Directions: Output only the lines below that start at the line containing "Black Mercedes-Benz AMG X253 GLC-Class SUV" and end at the line containing "Bead Chain Necklace in Yellow Gold", with both ends kept.

Records for the exercise:
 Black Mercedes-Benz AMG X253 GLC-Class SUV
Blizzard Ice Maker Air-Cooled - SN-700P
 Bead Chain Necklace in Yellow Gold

---

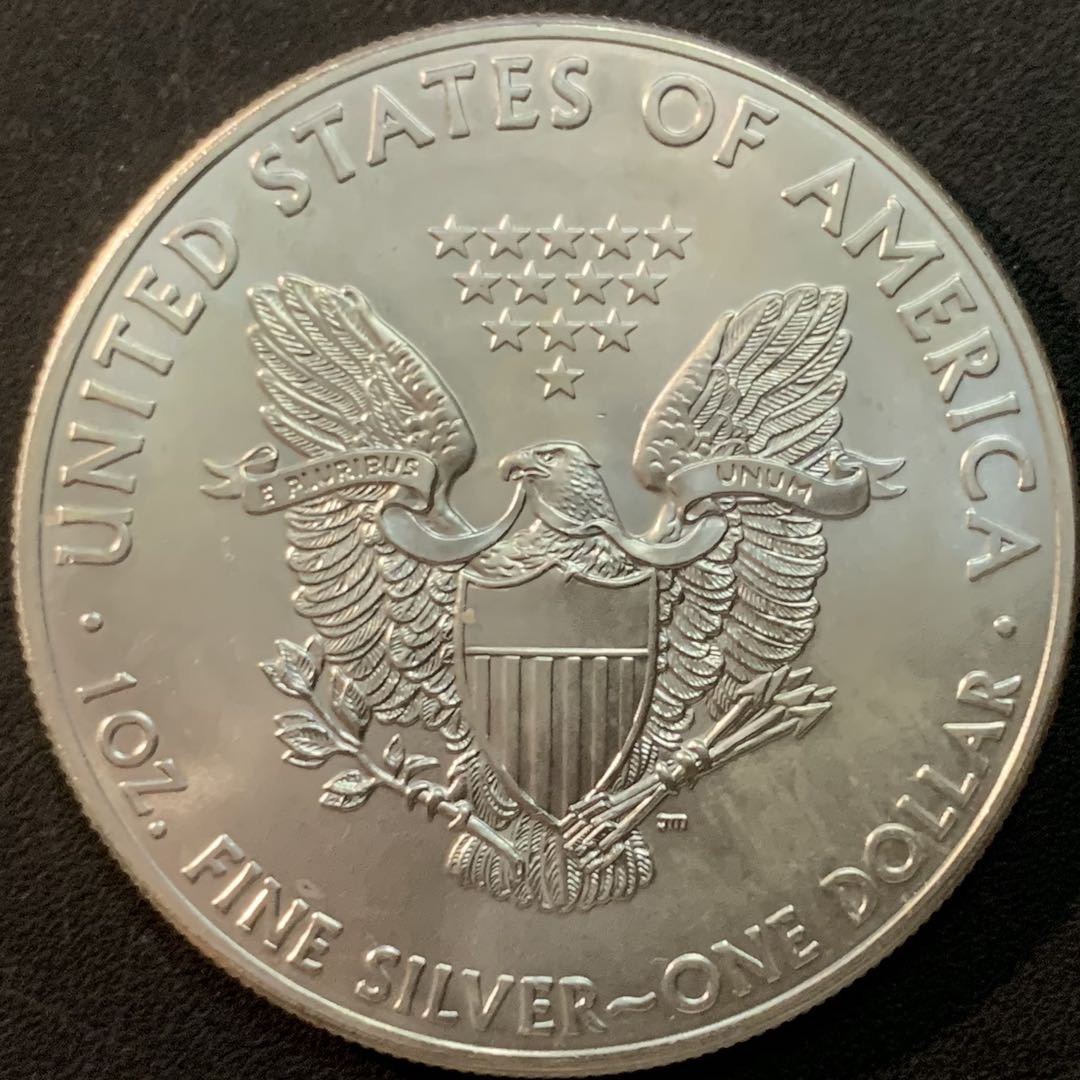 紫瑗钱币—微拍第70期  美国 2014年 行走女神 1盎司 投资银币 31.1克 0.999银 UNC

* * *

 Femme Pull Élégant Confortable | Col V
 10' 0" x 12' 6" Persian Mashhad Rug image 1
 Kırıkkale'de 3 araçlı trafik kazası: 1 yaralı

Answer:
 Black Mercedes-Benz AMG X253 GLC-Class SUV
Blizzard Ice Maker Air-Cooled - SN-700P
 Bead Chain Necklace in Yellow Gold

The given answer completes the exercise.